The other main character is John Du Pont, brilliantly played by Steve Carell as an absurdly childish man, dominated by his aristocratic mother (Vanessa Redgrave), who needs to create a wrestling team to forge a sense of manhood. Du Pont pontificates about American values, and will not take no for an answer. Soon he dominates the vulnerable Mark Schultz -- and tries next to dominate his less malleable brother.

The ingredients are ripe for a tragedy to ensue.

At first, the movie does not promise to be as intelligent and dramatic as it becomes: The spectator may believe that this is a typical sports film, with a tired critique of the American theme of the "rise of the underdog" as a subtext. American flags abound. Mark Schultz is depicted taking up the American success cause in speeches on television, believing not only in the American myth, but in the mythic glory of the Du Pont family, one of the wealthiest in the United States, which made its wealth from gunpowder and chemicals.

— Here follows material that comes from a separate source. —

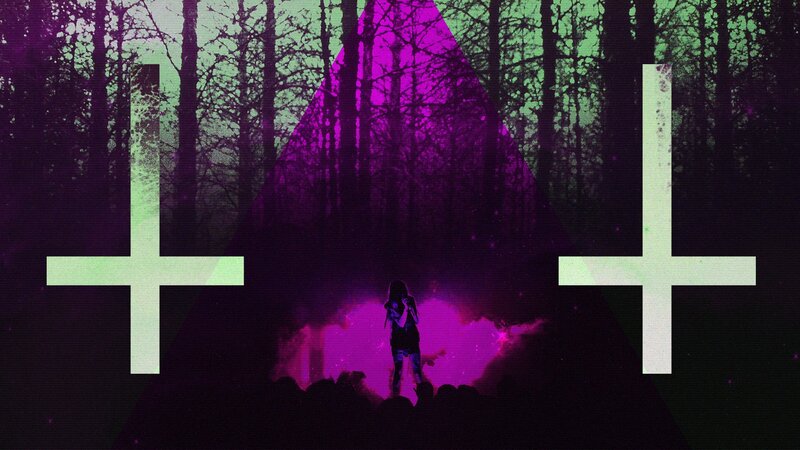 Silhouette of Singer on Stage — Purple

But soon enough, the craziness of the psychological dynamics takes over. The luxurious grounds of the Du Pont estate begins to seem ominous. Nobody seems to live in the coldly quiet mansion except for Du Pont and his mother, and sheltered in his chalet, the young wrestler.

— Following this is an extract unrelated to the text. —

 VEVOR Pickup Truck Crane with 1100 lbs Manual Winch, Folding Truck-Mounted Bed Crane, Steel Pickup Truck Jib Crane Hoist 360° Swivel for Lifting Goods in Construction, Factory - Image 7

"This is not particularly about politics and America," the director told us here in Cannes, steering journalists away this more banal "political" interpretation of his film.

He continued to explain, in a very soft and modest voice, as understated in tone as the psychology in his film:

"I tried to create a context that will sensitize you to what is beneath the story. There is a lot of male non-expressed communication in this film, and there is an undercurrent behind the undercurrent. Every scene is just the tip of the iceberg."

I asked Mr. Miller what his own understanding of "vulnerability" is: an interest that we have seen in his previous works, such as the celebrated Capote.

"I feel we are all so vulnerable anyway. It is a matter of how aware we are of it. I don't think these characters in my film are aware of how vulnerable they are and nobody was aware that this outcome would happen. What we are doing and what we think we are doing is not always the same."

He added his own take on the meaning of tragedy: "It is impossible in hindsight not to look at these characters as having these vulnerabilities. The fault lies not in the stars."